College of Computing student Caleb Rother will present his Final Oral Examination (thesis defense) for his Master of Science in Computer Science (MS Thesis Defense), and his Research Qualifying Evaluation (RQE) for his PhD in Computer Science, on Wednesday, July 10, 2024, at 11 am in Rekhi 214 and via Zoom online meeting.
The title of Rother’s talk is, “Recovering Access Control via Disk Forensics on Low-Level Flash Memory.”
Talk Abstract
In the history of access control, nearly every system designed has relied on the operating system (OS) to enforce the access control protocols. However, if the OS (and specifically root access) is compromised, there are few if any solutions that can get users back into their system efficiently.

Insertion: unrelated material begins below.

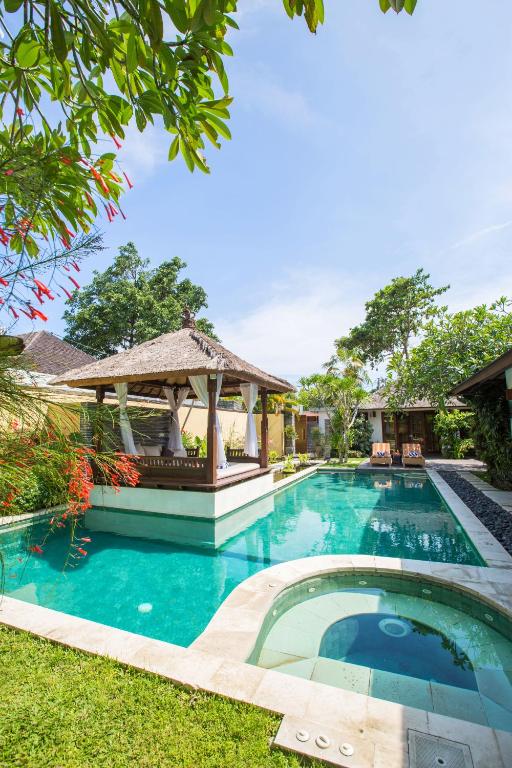 a swimming pool in a yard with a gazebo at Villa Seriska Satu Sanur,a Luxury 4-Bedroom Villa, 5 mins walk to ICON Mall, Beach & 24hrs Security in Sanur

In this work, we have proposed a novel approach that allows secure and efficient rollback of file access control after an adversary compromises the OS and corrupts the access control metadata. Our key observation is that the underlying flash memory typically performs out-of-place updates. Taking advantage of this unique feature, we can extract the “stale data” specific for OS access control, by performing low-level disk forensics over the raw flash memory. This allows efficiently rolling back the OS access control to a state pre-dating the compromise. To justify the feasibility of the proposed approach, we have implemented it in a computing device using file system EXT2/EXT3 and open-sourced flash memory firmware OpenNFM. We also evaluated the potential impact of our design on the original system. Experimental results indicate that the performance of the affected drive is not significantly impacted.